◆ Assigned task
Look below for the line with "Photo Bespoke Woodworks Design"; begin the copy there and stop after the line with "HONDA CB125T JC06", keeping the text exact and the pictures out.

◆ Recorded data
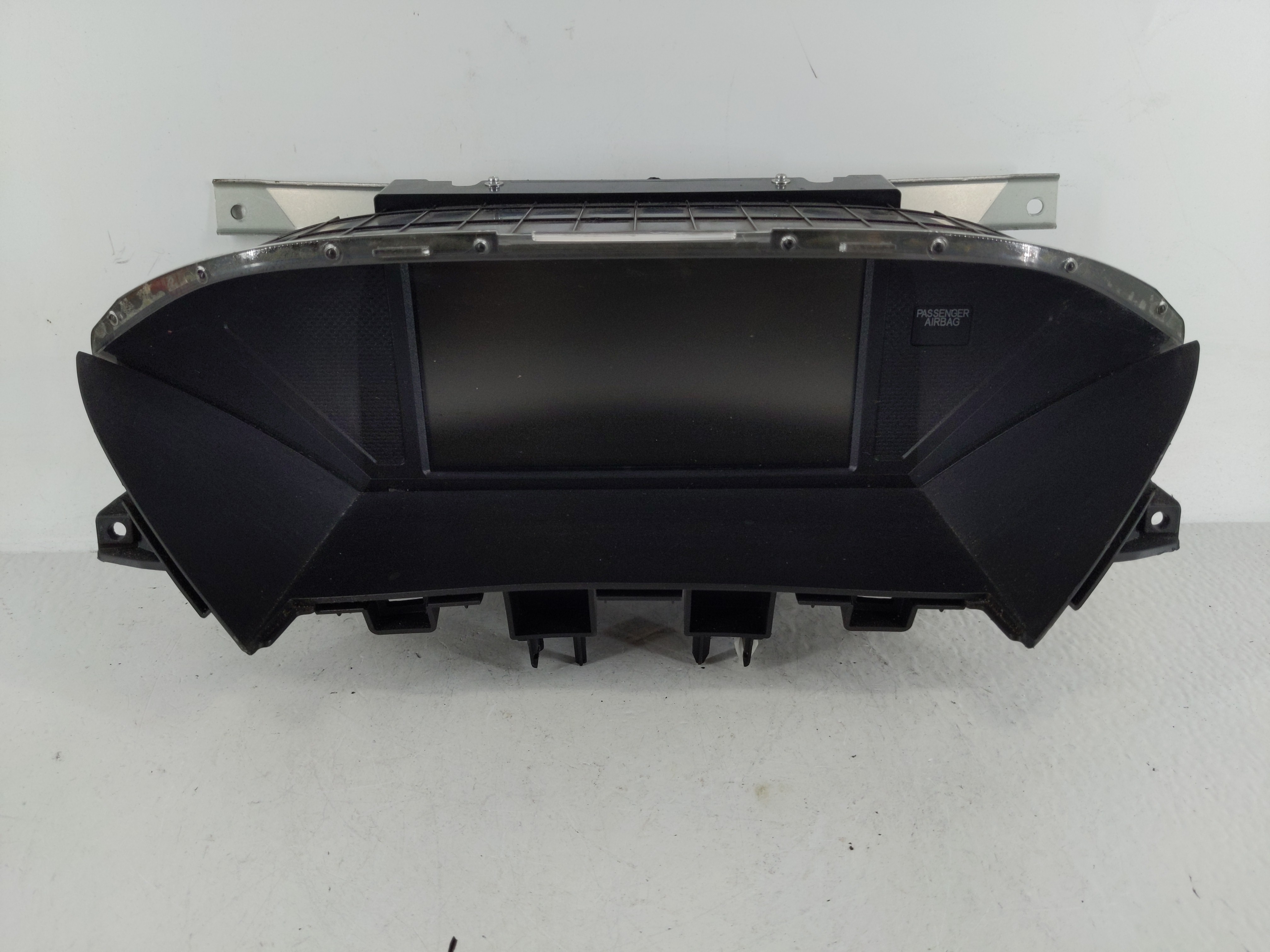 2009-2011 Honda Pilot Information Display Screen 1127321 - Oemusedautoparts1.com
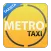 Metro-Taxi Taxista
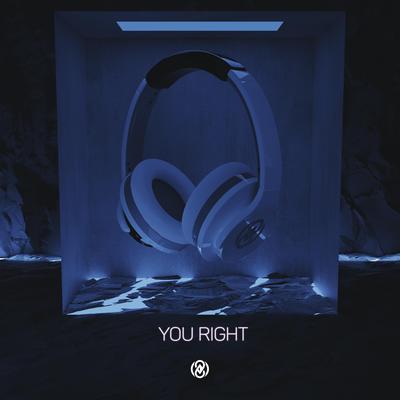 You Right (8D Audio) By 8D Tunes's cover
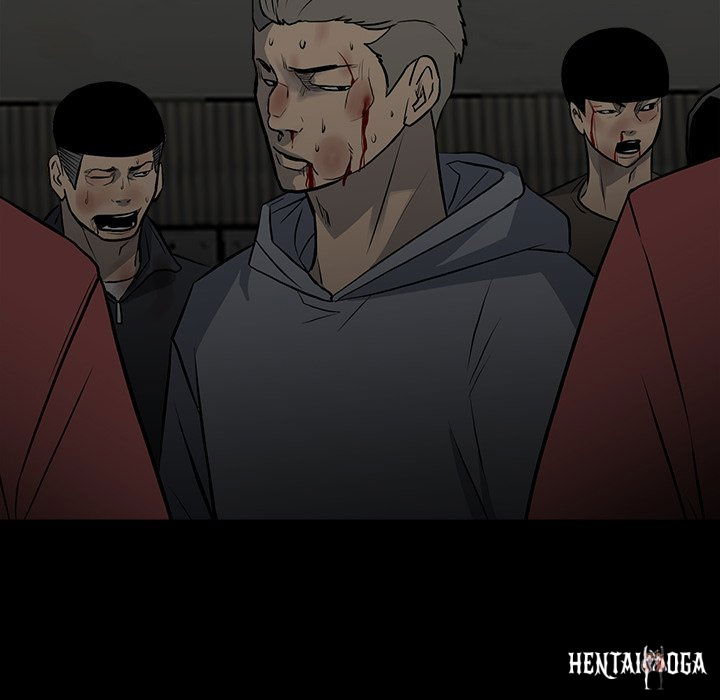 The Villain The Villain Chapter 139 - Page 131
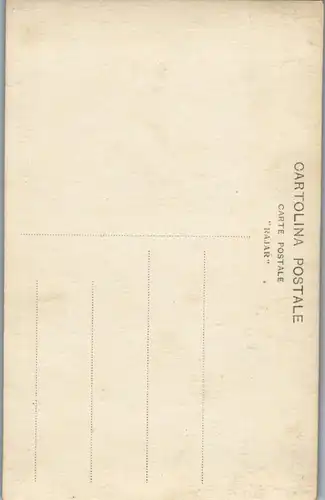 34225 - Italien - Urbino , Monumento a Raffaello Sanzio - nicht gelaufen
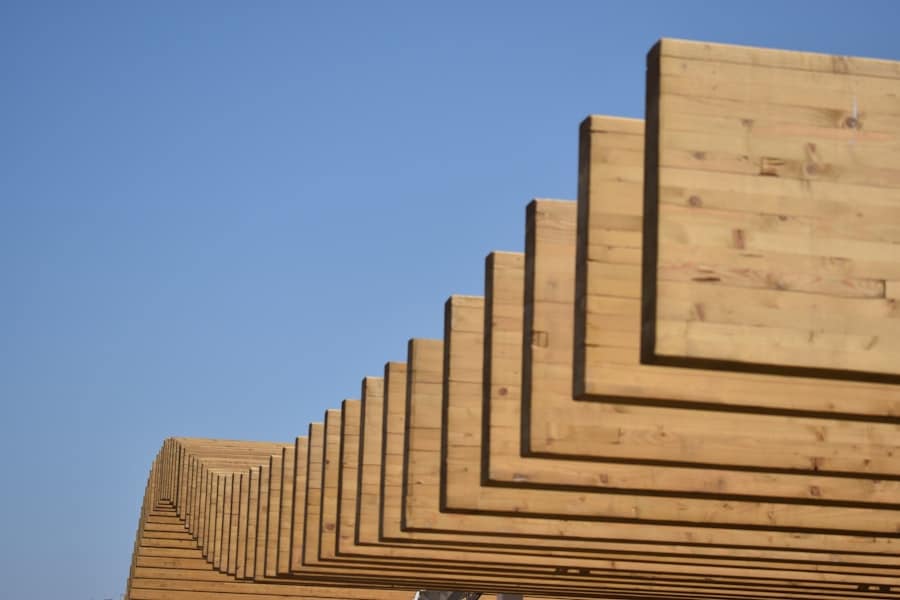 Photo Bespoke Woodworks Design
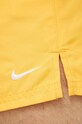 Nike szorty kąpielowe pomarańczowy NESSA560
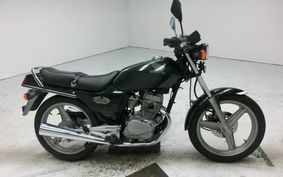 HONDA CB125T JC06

* * *

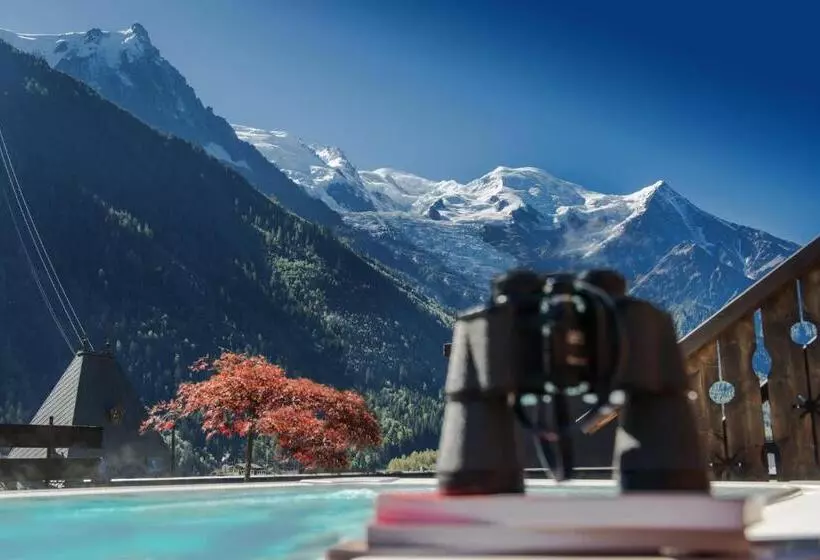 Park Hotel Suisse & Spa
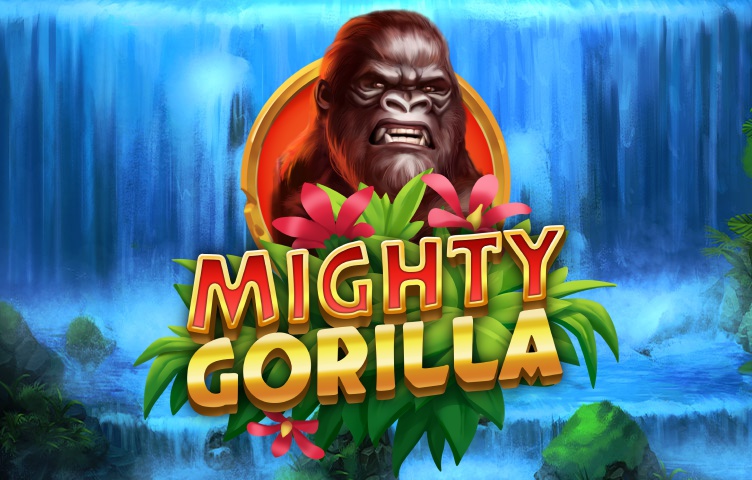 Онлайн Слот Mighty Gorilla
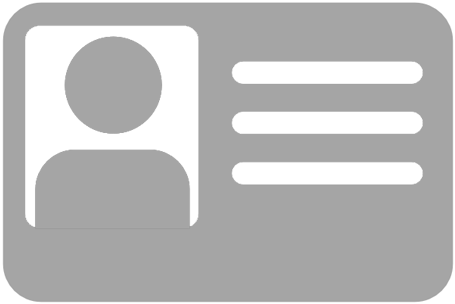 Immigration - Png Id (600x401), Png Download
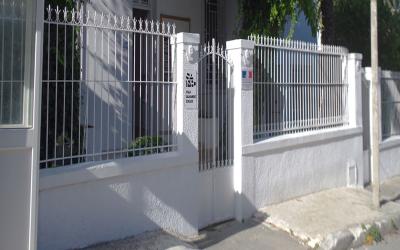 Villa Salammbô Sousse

◆ Response box
 Photo Bespoke Woodworks Design
 Nike szorty kąpielowe pomarańczowy NESSA560
 HONDA CB125T JC06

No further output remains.